UFC BJJ Just Walled Off ADCC, And I Don't Think It Helps Anyone Except The UFC

UFC BJJ confirmed it will stop letting its signed grapplers compete at ADCC, with full exclusivity locked in from 2027. Mikey Musumeci backed the call, Craig Jones and Tom DeBlass tore into it. Here is my honest take on why protecting the investment and starving the sport's biggest stage are not the same thing, and who actually pays for this.

JBy John

There is a version of this story where the UFC looks smart, and a version where grappling loses something it cannot easily get back. The frustrating part is that both versions are true at the same time. UFC BJJ has confirmed it will stop letting its contracted athletes compete at ADCC, with a few grandfathered exceptions for the 2026 event in Kraków and then full exclusivity from 2027. From next year, if you sign with the promotion, the most prestigious tournament in the sport is closed to you. Mikey Musumeci came out swinging in defense of it. Craig Jones, Tom DeBlass and Geo Martinez called it a betrayal of the athletes. I have been chewing on this for a couple of weeks, and I land somewhere that probably annoys both camps.

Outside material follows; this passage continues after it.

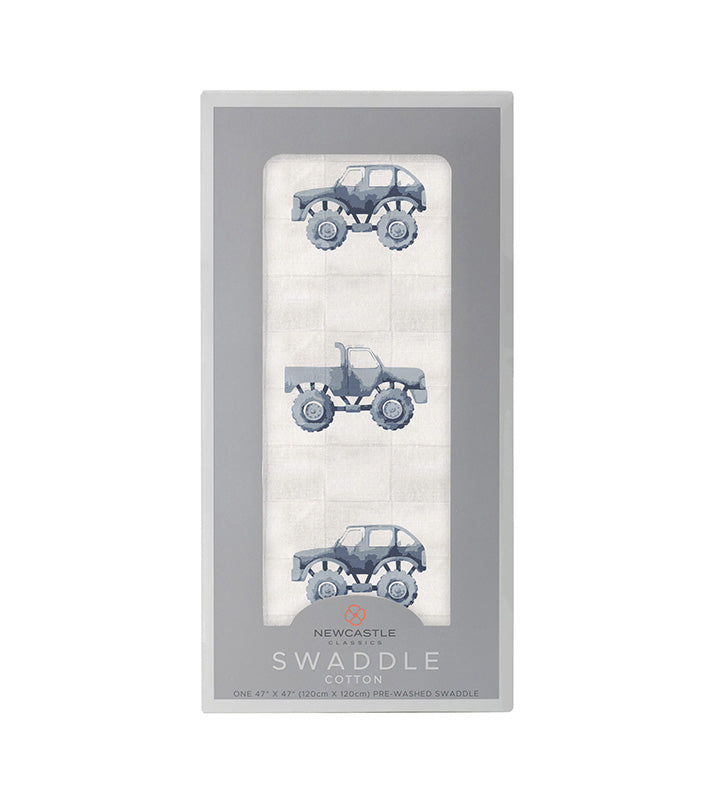 Indigo Monster Trucks Cotton Swaddle featuring playful truck designs on soft muslin fabric, perfect for swaddling and versatile baby care.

Let me lay out what actually happened, then tell you why I think the business logic is sound and the decision is still bad for the sport.

What UFC BJJ actually did

UFC BJJ executive Claudia Gadelha put it plainly. Grapplers signed to the promotion will not be allowed to compete in future ADCC events. There are a handful of exceptions being honored for ADCC 2026, but from 2027 the contracts become genuinely exclusive, and athletes compete as UFC BJJ athletes or they do not compete at the top level at all. If you are new to how this promotion is set up and why it suddenly has this kind of leverage, I broke the whole thing down in our explainer on the UFC BJJ promotion. The short version is that the most powerful organization in combat sports decided grappling was worth owning, and now it is acting like an owner.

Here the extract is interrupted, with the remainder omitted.